Alfonso X y el Renacimiento del siglo XIII

En el reinado de Alfonso X se produjo una de las mayores irradiaciones culturales de toda la Edad Media europea, y no es ninguna exageración. Lo que ocurre es que esto no sucedió en Francia, sino hubiéramos oído hablar de Alfonso X hasta la saciedad. Y la trascendencia de sus proyectos culturales difícilmente se habría producido a esa escala si no hubiera existido el aglutinante de las ciudades conquistadas a Al-Ándalus por él mismo o sus antecesores. Ambientes con gentes venidas de muchos lugares, capaces de hacer y pensar cosas muy diferentes, dinamismo, riqueza y una corte empeñada en fomentar la cultura.

Normalmente se ha vinculado la obra cultural alfonsí  con la Escuela de Traductores de Toledo, pero en realidad  la actividad cultural del reino no estaba centralizada en Toledo. Y la mencionada escuela ni siquiera fue fundada por este rey, sino que se remonta al siglo anterior. Resulta que había otros dos focos importantes, uno era la ciudad de Murcia y sus escuelas, y el otro era Sevilla. Esta última era sede habitual  de la corte, lo cual ya hubiera implicado actividad cultural, y además allí se creó una Escuela General de latín y arábigo.

Alfonso X
Estatua de Alfonso X, «Alfonso X el Sabio (José Alcoverro) 02» de Luis García.

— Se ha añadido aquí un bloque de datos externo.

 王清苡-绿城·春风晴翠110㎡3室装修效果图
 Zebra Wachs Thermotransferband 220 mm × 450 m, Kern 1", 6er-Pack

Europa se encontraba muy por detrás de la cultura islámica, y esto de las escuelas de traductores era una forma de acceder a los libros árabes e intentar ponerse a su altura, saber qué habían dicho y hecho en las diferentes materias para seguir haciendo a partir de ahí. En la Península Ibérica partíamos con cierta ventaja, pues se podía acceder de primera mano a las obras árabes, y se podía contar con judíos y moros como traductores excepcionales. Hay que decir que los judíos sefardíes, es decir, los hispánicos, habían desarrollado una cultura que el Judaísmo considera una de sus cumbres, y de eso pudo aprovecharse Alfonso X y sus locas ideas.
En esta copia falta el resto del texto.